_Material supplied:_
%%
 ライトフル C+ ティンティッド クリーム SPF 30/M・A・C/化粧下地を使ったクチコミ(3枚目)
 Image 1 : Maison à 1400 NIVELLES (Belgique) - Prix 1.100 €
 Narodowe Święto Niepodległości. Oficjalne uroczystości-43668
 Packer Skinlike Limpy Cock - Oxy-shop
%%
%%
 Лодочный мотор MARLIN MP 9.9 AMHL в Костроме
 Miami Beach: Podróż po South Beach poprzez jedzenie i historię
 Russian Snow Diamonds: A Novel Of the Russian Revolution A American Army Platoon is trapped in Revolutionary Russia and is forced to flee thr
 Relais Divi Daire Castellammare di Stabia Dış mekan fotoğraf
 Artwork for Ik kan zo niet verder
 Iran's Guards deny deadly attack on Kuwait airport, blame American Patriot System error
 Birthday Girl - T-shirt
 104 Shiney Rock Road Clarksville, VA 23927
%%
_To do:_ Within this material, how many lines include the word "American"? State only the number.

_Solution to this task:_ 2